The line with "Petit Futé - Carnet" and each line following it, up to the final line of the data, should be set down exactly; pictures stay out.

Materials provided
= Beginning of Section =

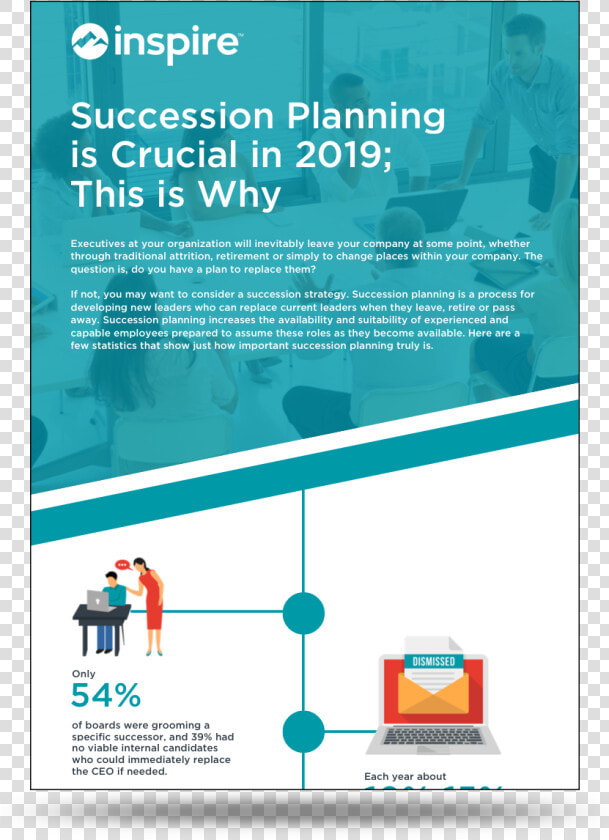 Succession Planning Statistics 2019  HD Png DownloadTransparent PNG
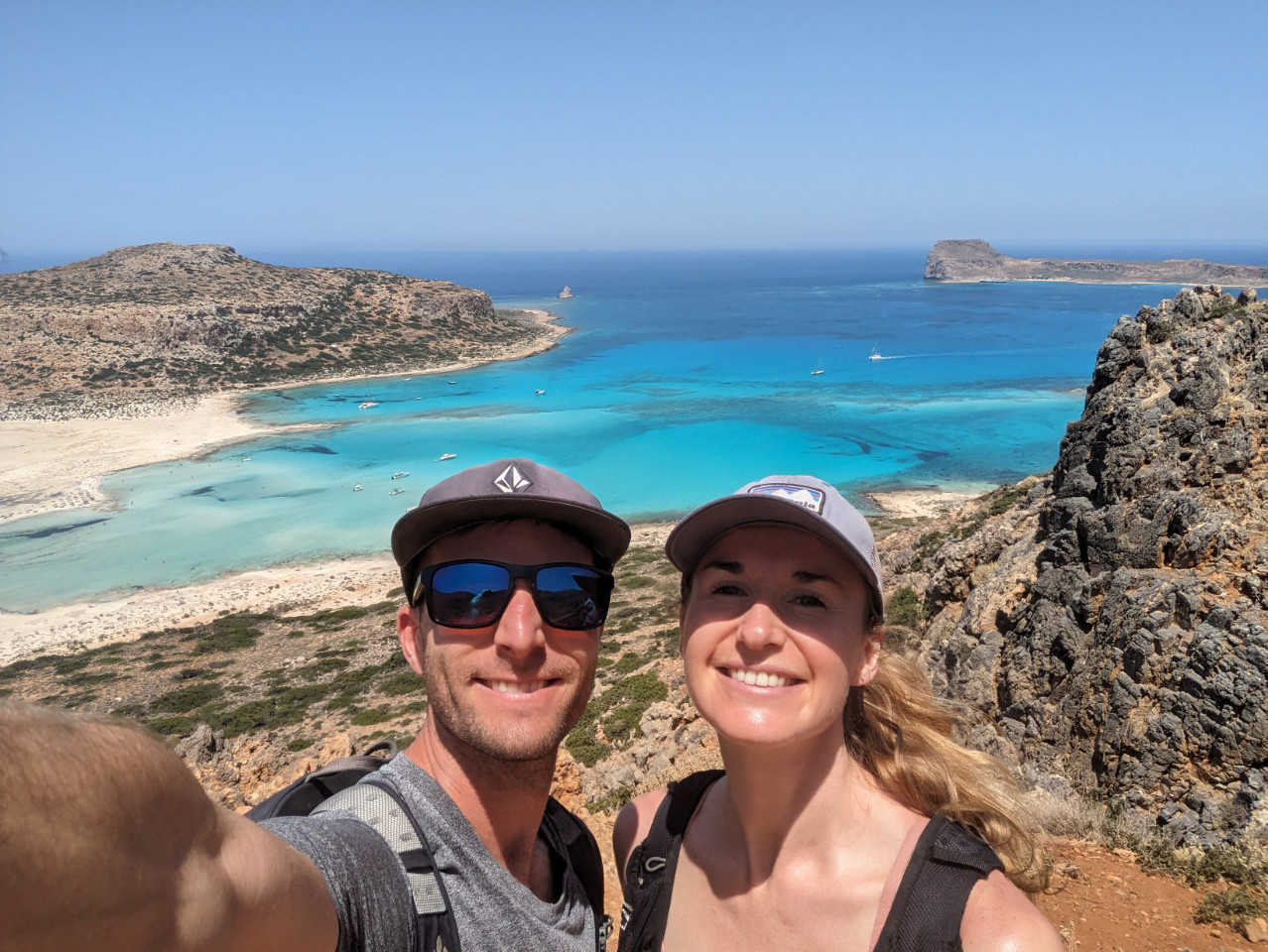 Image de Maxime et Gwen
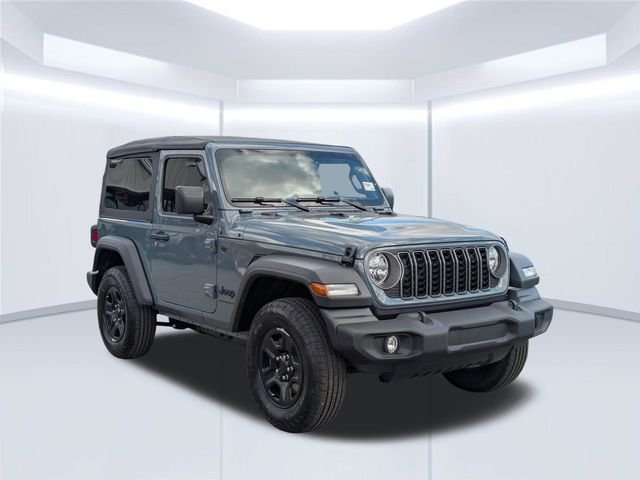 2026 Jeep Wrangler 2-Door Sport - Photo 8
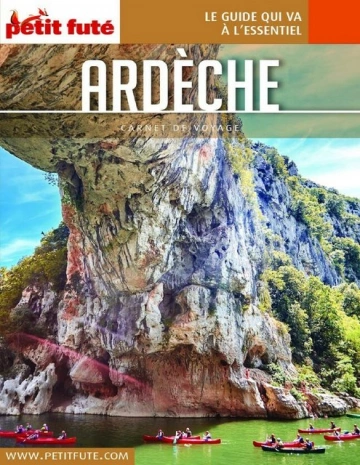 Petit Futé - Carnet de Voyage - Ardèche 2021-2022 [Livres]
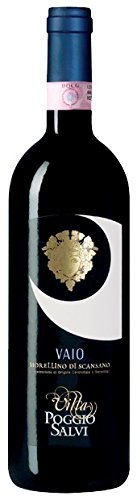 VAIO - Morellino di Scansano DOCG - Società Agricola Villa Poggio Salvi di Montalcino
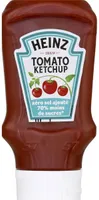 Ketchup zéro sel ajouré, 70% moins de sucres
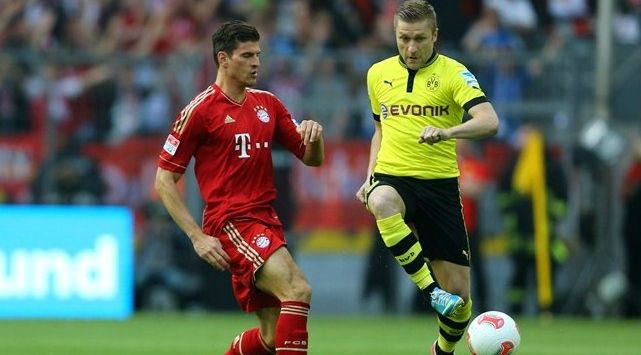 Ντόρτμουντ – Μπάγερν Μονάχου 1-1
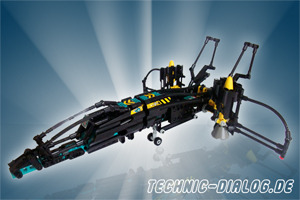 Lego 8450 Senkrechtstarter Lego 8450 Senkrechtstarter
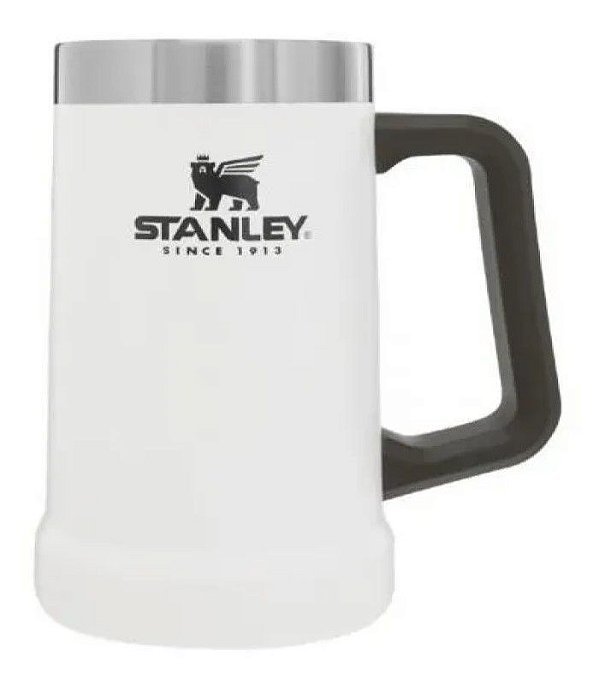 Caneca Térmica Stanley Cerveja Chopp Inox 709ml Original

= End of Section =

Exercise solution
 Petit Futé - Carnet de Voyage - Ardèche 2021-2022 [Livres]
 VAIO - Morellino di Scansano DOCG - Società Agricola Villa Poggio Salvi di Montalcino
 Ketchup zéro sel ajouré, 70% moins de sucres
 Ντόρτμουντ – Μπάγερν Μονάχου 1-1
 Lego 8450 Senkrechtstarter Lego 8450 Senkrechtstarter
 Caneca Térmica Stanley Cerveja Chopp Inox 709ml Original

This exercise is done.